#### Your objective:
The reply should give back every entry exactly as written.

#### Material shown:
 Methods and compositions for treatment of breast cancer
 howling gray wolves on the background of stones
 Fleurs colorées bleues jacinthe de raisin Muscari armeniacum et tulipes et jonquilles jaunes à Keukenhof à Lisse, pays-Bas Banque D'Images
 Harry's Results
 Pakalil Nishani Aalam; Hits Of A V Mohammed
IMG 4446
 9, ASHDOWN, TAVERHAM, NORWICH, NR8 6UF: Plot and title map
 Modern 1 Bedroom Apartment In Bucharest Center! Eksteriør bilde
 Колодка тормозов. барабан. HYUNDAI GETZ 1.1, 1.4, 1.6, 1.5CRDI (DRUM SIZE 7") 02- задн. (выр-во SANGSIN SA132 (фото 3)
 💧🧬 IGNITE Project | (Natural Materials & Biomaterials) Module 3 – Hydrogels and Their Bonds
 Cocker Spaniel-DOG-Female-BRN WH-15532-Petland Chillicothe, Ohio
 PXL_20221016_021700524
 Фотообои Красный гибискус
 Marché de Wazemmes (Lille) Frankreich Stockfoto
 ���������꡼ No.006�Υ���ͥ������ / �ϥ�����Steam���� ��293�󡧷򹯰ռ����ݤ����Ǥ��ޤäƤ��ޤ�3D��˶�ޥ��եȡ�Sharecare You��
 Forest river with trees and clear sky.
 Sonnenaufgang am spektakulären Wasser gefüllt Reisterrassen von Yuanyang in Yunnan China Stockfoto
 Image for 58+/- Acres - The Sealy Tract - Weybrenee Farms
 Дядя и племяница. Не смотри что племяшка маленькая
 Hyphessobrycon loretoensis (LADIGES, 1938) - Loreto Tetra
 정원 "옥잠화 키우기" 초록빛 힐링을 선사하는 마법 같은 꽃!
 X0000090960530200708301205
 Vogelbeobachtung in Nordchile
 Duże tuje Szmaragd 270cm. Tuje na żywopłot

#### Result of the task:
 Methods and compositions for treatment of breast cancer
 howling gray wolves on the background of stones
 Fleurs colorées bleues jacinthe de raisin Muscari armeniacum et tulipes et jonquilles jaunes à Keukenhof à Lisse, pays-Bas Banque D'Images
 Harry's Results
 Pakalil Nishani Aalam; Hits Of A V Mohammed
IMG 4446
 9, ASHDOWN, TAVERHAM, NORWICH, NR8 6UF: Plot and title map
 Modern 1 Bedroom Apartment In Bucharest Center! Eksteriør bilde
 Колодка тормозов. барабан. HYUNDAI GETZ 1.1, 1.4, 1.6, 1.5CRDI (DRUM SIZE 7") 02- задн. (выр-во SANGSIN SA132 (фото 3)
 💧🧬 IGNITE Project | (Natural Materials & Biomaterials) Module 3 – Hydrogels and Their Bonds
 Cocker Spaniel-DOG-Female-BRN WH-15532-Petland Chillicothe, Ohio
 PXL_20221016_021700524
 Фотообои Красный гибискус
 Marché de Wazemmes (Lille) Frankreich Stockfoto
 ���������꡼ No.006�Υ���ͥ������ / �ϥ�����Steam���� ��293�󡧷򹯰ռ����ݤ����Ǥ��ޤäƤ��ޤ�3D��˶�ޥ��եȡ�Sharecare You��
 Forest river with trees and clear sky.
 Sonnenaufgang am spektakulären Wasser gefüllt Reisterrassen von Yuanyang in Yunnan China Stockfoto
 Image for 58+/- Acres - The Sealy Tract - Weybrenee Farms
 Дядя и племяница. Не смотри что племяшка маленькая
 Hyphessobrycon loretoensis (LADIGES, 1938) - Loreto Tetra
 정원 "옥잠화 키우기" 초록빛 힐링을 선사하는 마법 같은 꽃!
 X0000090960530200708301205
 Vogelbeobachtung in Nordchile
 Duże tuje Szmaragd 270cm. Tuje na żywopłot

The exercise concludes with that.